I think a lot of people have sharp eye too, but when you watch a movie, you don't pause every frame to view for a minute, then forward to the next frame and do the same, do you? you don't break the flow of the motion.
What I meant was if you render an image in 4000 x 3000 pixels, of course you can see all the details, but try resampling that image in photoshop to 720 x 576 pixels, will you still see those details? Nope! they became a blob in a larger pixel. What I was trying to say is you can find the right visual balance to fit the TV/video resolutions which means you don't have to waste any unneccesary time for some details which are not going to hold anyway.
Also, capturing stills from TV/video will never give you a good quality to print, most TV/video are interlaced (which means two images, e.g. frame 1 and frame 2 combined together with lines between them), again, they are only 720 x 576 resoultions, will that be good for wallpaper?
I have done many animations at work which time is always against you depending on client's budget as well. I have done exactly what you said before, create every 3d objects in highest resolutions (even the objects are only in the background) with loads of fine details, and took weeks to render, but the result is alot of the work I put to the finest details do not show up in the 720 x 576 resolutions.

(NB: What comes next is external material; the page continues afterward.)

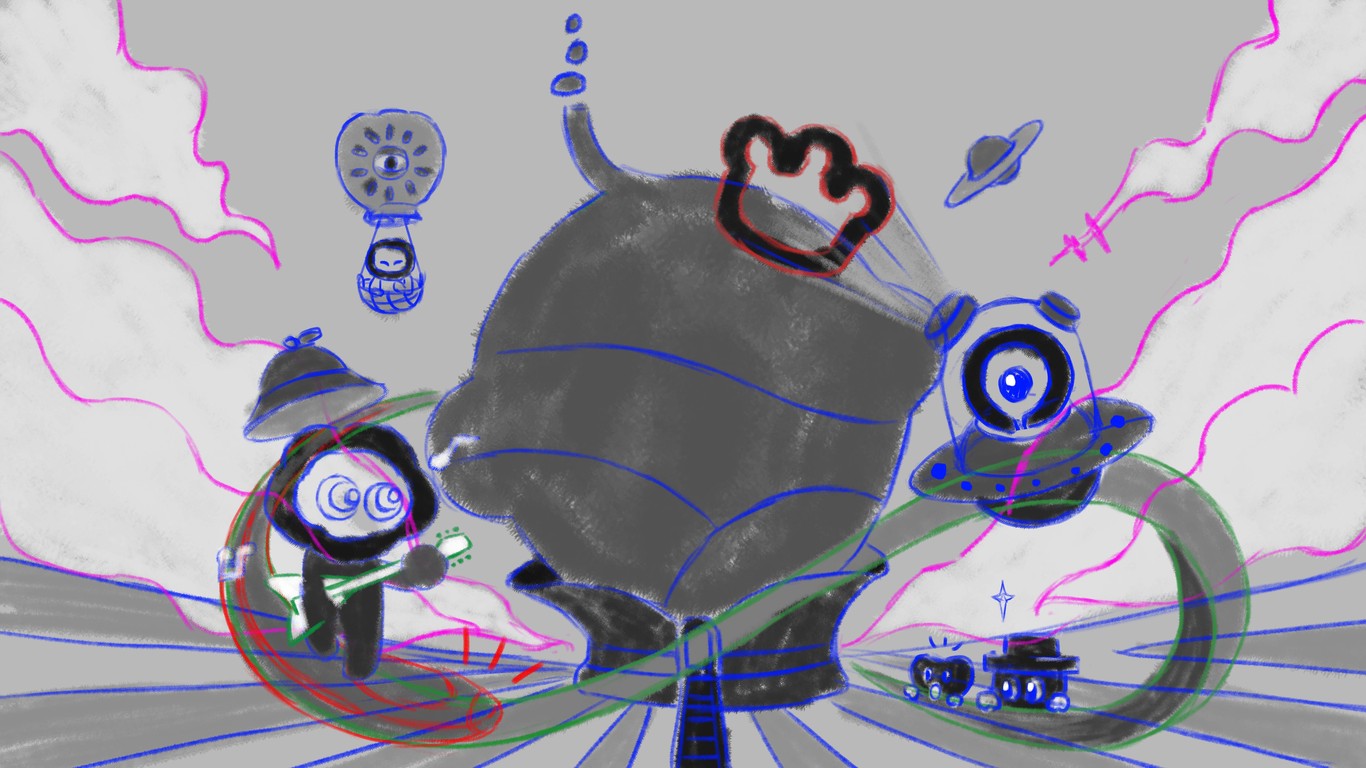 Babycare品牌标识创意延展设计图2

By learning from the experience, you will know how to plan you animation before hand such as will the object be seen in close up or not? (close up will require higher res modeling) if not, you could cut the modeling time by half, and if some objects can be texture map rather then real models or bake the GI textures to objects could save alot of time, which the end result still be as good as the original GI scene. There are a lot of tricks can help you cut the time and still render in good result.
It may be I am in the trade where delivering the good is more important than not delivered at all, where time and quality got to be compromised. Who don't want to have a large render farm and ultra powerful machines to do 3D? When you don't want to or can't wait for the slow renders, you will have to seek alternatives. This is only my experience, of course you don't have to agree.